The two definitions of fun are related, though it took me decades to understand this. I have four brothers, and I love them all dearly, but they were boys once upon a time (often upon a time, including recently), and one in particular among them liked to tell his younger siblings scary stories. On at least one occasion, he also hid under my bed, reached out and grabbed my ankle, and darn near caused me to wet my pajamas as a result.
Fun for him maybe, not so fun for dear little me. I leapt into my bed from across the room for a long time after that.
And I slept with a light on well into adulthood. If the picture this creates is of a quivering mass of gelatinous protoplasm where a properly adjusted sense of a fun spook should be, then the image is accurate.
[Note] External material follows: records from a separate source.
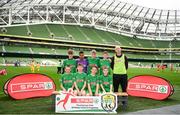 29 May 2019; The SPAR FAI Primary School 5s National Finals took place in AVIVA Stadium on Wednesday, May 29, where former Republic of Ireland International Keith Andrews and current Republic of Ireland women's footballer, Megan Campbell were in attendance supporting as girls and boys from 13 counties battled it out for national honours. The 2019 SPAR FAI Primary School 5s Programme was the biggest yet with a record 37,448 participants from 1,696 schools taking part in county, regional and provincial blitzes nationwide. Pictured is the  Cregmore NS team from Claregalway, Co. Galway at the Aviva Stadium in Dublin. Photo by Harry Murphy/Sportsfile
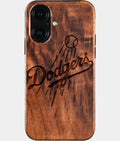 Eco-friendly Los Angeles Dodgers iPhone 16 Case. Dodgers 2025 World Series Cases. Carved Wood Custom Los Angeles Dodgers Gift For Him - Monogrammed Personalized iPhone 16 Cover By Aldergrove & Oak
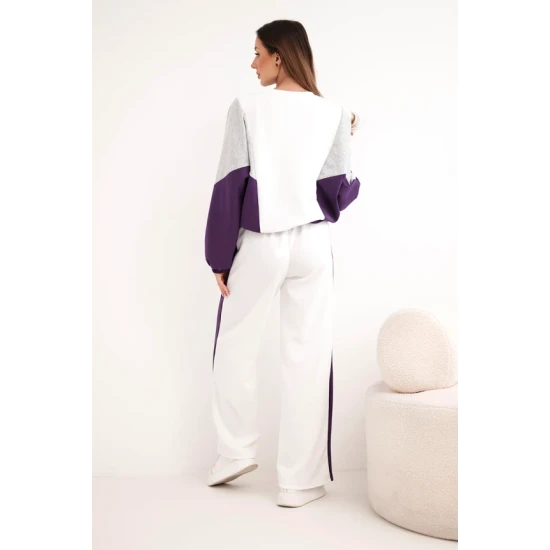 Moteriškas dviejų spalvų laisvalaikio komplektas su violetiniu intarpu Gabi Moteriški komplektai
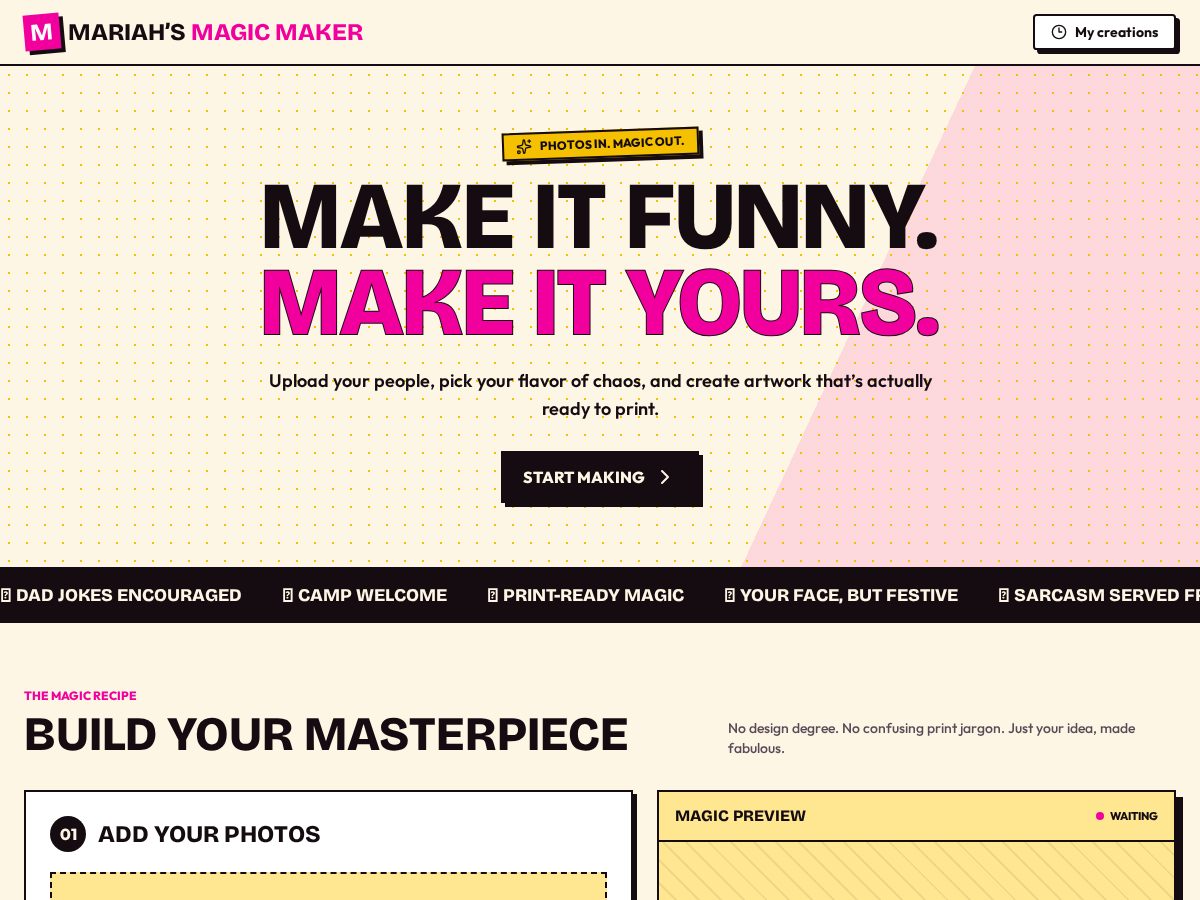 Landing-page snapshot of mariahsmagicmaker.com
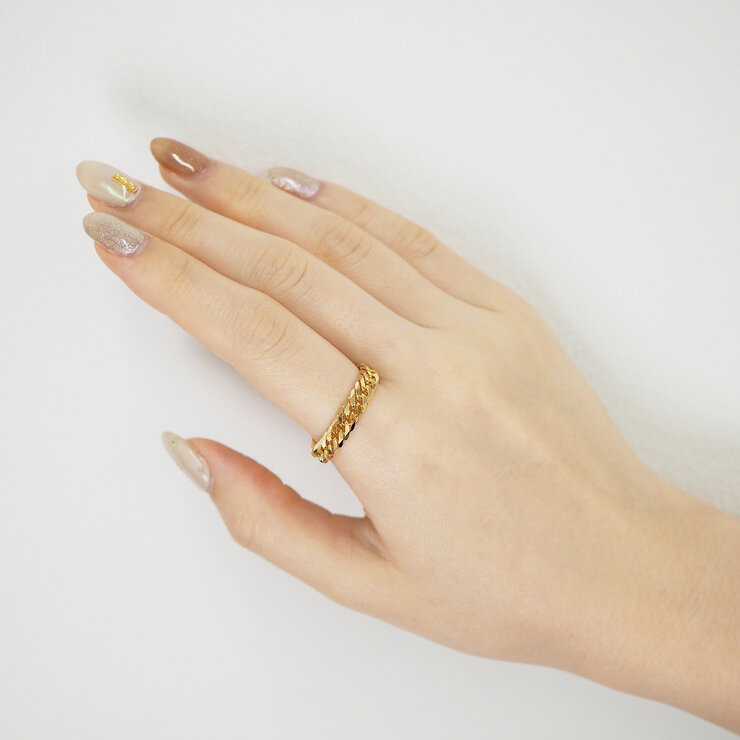 K18 6面ダブル喜平リング　4.5mm幅 20号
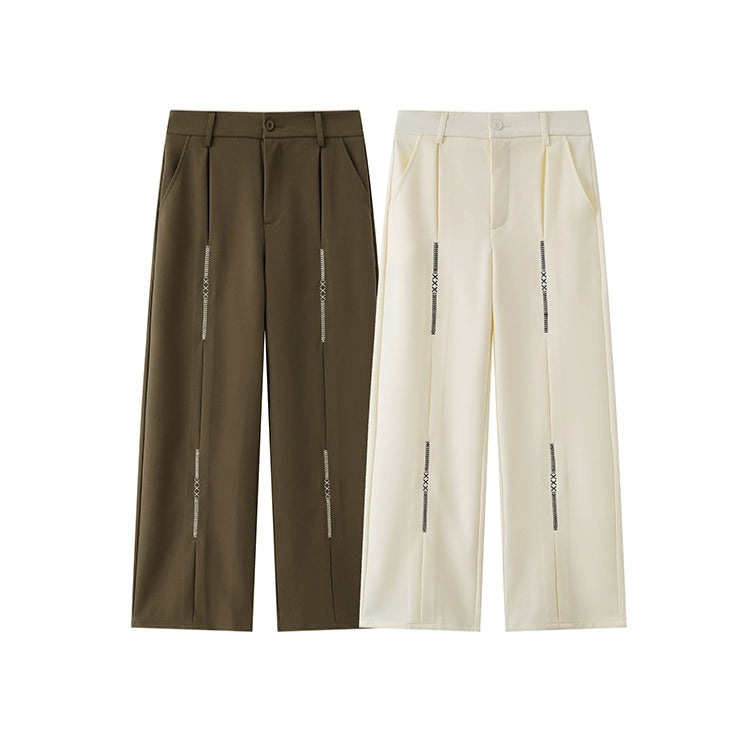 Hand-Stitched Wide-Leg Casual Pants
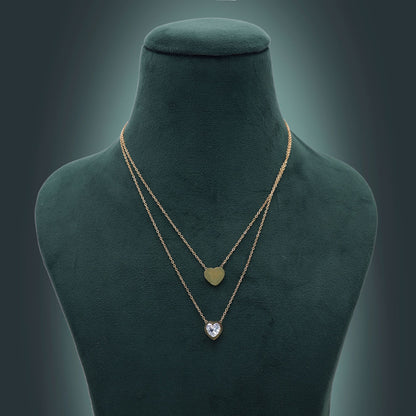 Gold Color Heart Shape Anti Tarnish Necklace with Romantic Stylish Charm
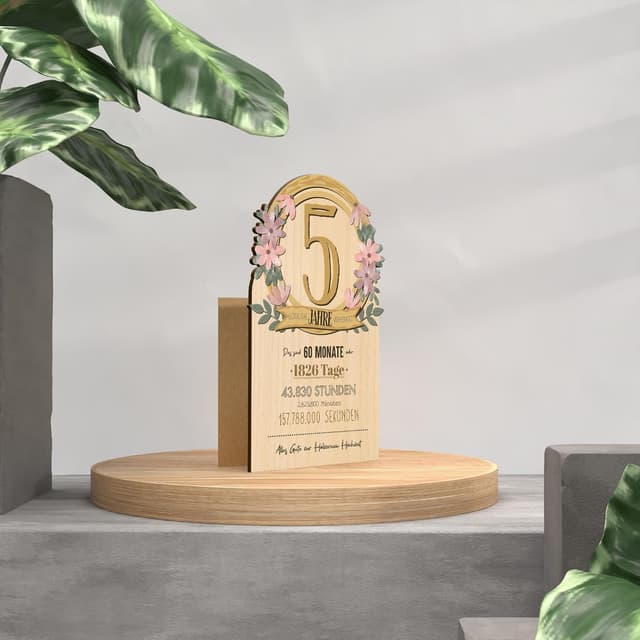 Detalle 2 de Hölzerne Hochzeit Karte zum 5. Tag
The difficulty is my imagination. My imagination is fit and limber. The thing can bench press entire realities into oblivion, clock a mile in under three minutes, and hold its breath for eternities. When my imagination gets focused on the Wicked Witch of the West, she begins to look like a certain algebra teacher I had. Really, truly, not just for fun. When I hear the marching music for the winged monkeys, my insides start to quease, and I want to leave the room. I have to glance at the sky and hope I see nothing out of the ordinary. I KNOW better, but I don’t know as better as somebody whose imagination is a little more biddable than mine would know.
Is it any wonder, with an imagination like this—barely broke to ride—I choose to focus on the Regency period in my books? Two hundred years away, noted for its elegance and refinement, across the sea and without open warfare on British soil, it provides the perfect setting for a writer allergic to horror (and likely a perfect setting for horror, as well. We’re not going there, my friends.) There were real horrors, of course: People were hung at the age of nine for stealing spare change. They could also be put to death for falling in love with a person of the wrong gender. Syphilis was the AIDS of the day, veterans were treated like crap and the Consumer Protection Agency would not have known where to start.
But as a writer, I can regulate how far beneath the surface I take my readers in the name of entertainment. It’s like riding that barely broke horse in an arena with deep footing, padded walls and no roaring crowd. Yes, if I push the poor beast inordinately, I can probably provoke a rodeo. If I’m mindful, though, I can get a spirited, entertaining ride without injury to self, others, or horse.
What about you? Where do you draw the line between fun and too scary, or do you draw it at all?